Natalya Vince (NV): The Algerian War of Independence (1954-62), or at least a selective and glorified version of the war, has played a key role in both the formation of Algerian national identity and the legitimization of political elites. For the past fifty years, museums, monuments, school textbooks, national holidays, and political speeches have constantly reminded Algerians that independence was won through the sacrifice of “one and a half million martyrs” in a struggle fought “by the people, for the people” and in which there was “one sole hero, the people.” In this narrative, the old colonial power, France, provides a useful scarecrow, a handy “other” against which “we” can be defined. At the same time, nearly half the population of Algeria today is under the age of twenty-four. Within and beyond the borders of Algeria, this youthful majority is often depicted as disinterested in these tired old tales of the past, instead looking across the Mediterranean Sea to migrate to Europe, particularly to France.

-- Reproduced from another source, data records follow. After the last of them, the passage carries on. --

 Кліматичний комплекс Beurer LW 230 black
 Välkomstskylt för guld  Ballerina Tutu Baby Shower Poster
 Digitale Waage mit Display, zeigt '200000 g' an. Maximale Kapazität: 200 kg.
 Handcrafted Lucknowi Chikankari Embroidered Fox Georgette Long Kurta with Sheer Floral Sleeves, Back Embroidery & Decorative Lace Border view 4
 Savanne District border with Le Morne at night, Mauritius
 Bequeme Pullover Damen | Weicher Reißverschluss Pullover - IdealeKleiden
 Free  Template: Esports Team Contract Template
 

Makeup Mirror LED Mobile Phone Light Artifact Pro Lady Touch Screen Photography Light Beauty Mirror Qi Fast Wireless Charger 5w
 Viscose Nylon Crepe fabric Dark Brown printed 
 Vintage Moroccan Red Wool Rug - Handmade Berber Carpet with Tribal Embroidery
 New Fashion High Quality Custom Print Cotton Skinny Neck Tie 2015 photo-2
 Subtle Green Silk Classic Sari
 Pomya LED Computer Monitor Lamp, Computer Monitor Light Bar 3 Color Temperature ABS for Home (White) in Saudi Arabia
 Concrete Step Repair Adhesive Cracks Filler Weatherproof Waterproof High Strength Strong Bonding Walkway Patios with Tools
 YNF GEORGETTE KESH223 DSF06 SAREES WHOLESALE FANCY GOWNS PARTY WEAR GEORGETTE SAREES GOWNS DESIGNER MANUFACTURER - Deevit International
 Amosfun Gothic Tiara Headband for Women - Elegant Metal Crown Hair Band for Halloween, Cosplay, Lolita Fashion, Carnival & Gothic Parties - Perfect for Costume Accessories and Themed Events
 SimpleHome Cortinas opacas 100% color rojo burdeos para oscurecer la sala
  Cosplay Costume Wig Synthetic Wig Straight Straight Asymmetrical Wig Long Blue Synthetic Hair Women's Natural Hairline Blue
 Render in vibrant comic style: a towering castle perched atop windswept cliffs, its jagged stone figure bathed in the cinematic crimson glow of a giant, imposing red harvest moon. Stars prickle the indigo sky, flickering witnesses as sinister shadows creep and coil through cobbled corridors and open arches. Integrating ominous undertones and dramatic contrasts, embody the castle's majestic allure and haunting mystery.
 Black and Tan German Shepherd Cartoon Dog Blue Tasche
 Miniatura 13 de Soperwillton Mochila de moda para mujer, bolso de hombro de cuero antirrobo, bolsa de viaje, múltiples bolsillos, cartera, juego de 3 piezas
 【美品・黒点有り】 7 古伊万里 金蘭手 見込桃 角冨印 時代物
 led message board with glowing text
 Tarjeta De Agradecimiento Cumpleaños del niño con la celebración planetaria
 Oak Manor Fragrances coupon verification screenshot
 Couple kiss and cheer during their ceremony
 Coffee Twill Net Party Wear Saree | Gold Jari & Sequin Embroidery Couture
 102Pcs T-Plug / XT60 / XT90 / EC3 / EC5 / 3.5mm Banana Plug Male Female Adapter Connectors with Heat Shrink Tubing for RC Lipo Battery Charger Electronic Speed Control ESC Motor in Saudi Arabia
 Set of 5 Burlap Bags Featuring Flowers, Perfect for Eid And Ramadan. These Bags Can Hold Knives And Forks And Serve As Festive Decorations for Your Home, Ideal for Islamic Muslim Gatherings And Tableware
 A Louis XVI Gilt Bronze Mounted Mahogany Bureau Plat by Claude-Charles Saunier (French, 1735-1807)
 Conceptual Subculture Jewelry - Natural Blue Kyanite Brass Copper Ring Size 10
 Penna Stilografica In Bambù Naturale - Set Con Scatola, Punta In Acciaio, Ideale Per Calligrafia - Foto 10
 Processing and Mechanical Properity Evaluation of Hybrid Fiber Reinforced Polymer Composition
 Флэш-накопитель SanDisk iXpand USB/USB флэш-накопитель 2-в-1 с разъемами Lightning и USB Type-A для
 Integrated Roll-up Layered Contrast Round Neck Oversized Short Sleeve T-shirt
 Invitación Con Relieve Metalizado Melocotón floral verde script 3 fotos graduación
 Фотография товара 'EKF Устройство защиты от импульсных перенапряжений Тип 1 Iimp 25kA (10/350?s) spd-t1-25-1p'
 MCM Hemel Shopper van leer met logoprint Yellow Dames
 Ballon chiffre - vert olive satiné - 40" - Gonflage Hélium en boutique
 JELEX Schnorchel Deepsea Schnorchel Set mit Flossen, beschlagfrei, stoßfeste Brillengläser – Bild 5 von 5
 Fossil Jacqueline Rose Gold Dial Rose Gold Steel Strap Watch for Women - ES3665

This article was motivated by the desire to step away from these familiar descriptions of, on the one hand, an omnipresent, rigid national narrative and, on the other hand, disaffected and indifferent younger generations. It was also motivated by a desire to write a post-independence story in which France was not center stage, either as eternal enemy or object of desire. Instead, I was interested in how young people understand the history of the War of Independence, what they think about the way in which history is taught, and how their perceptions of the past are shaped by a range of local, national, and transnational influences, from grandmothers’ stories to school textbooks to scenes of war in present-day Iraq.
J: What particular topics, issues, and literatures does the article address?
NV: The article draws upon literatures about the role of narratives of the past in nation building, but it takes a distinctly “bottom up” approach. Instead of looking at what the state would like to transmit—and there are already a number of excellent studies on this in the Algerian context—it seeks to explore what has been transmitted. As Eric Hobsbawm underlines in Nations and Nationalism Since 1780: Program, Myth, Reality (1990), “the view from below, i.e. the nation as seen…by the ordinary persons…is exceedingly difficult to discover”—not least because of the vast practical challenges this imposes in terms of how to conduct a representative survey of the whole population. This article is only a case study with inevitable limits, carried out amongst ninety-five trainee teachers at the Ecole normale supérieure (ENS) in Bouzareah, Algiers in 2007, with some supplementary research at the University of Algiers. I hope that more studies of the reception of the past among other groups will follow this article, to complement or challenge its findings!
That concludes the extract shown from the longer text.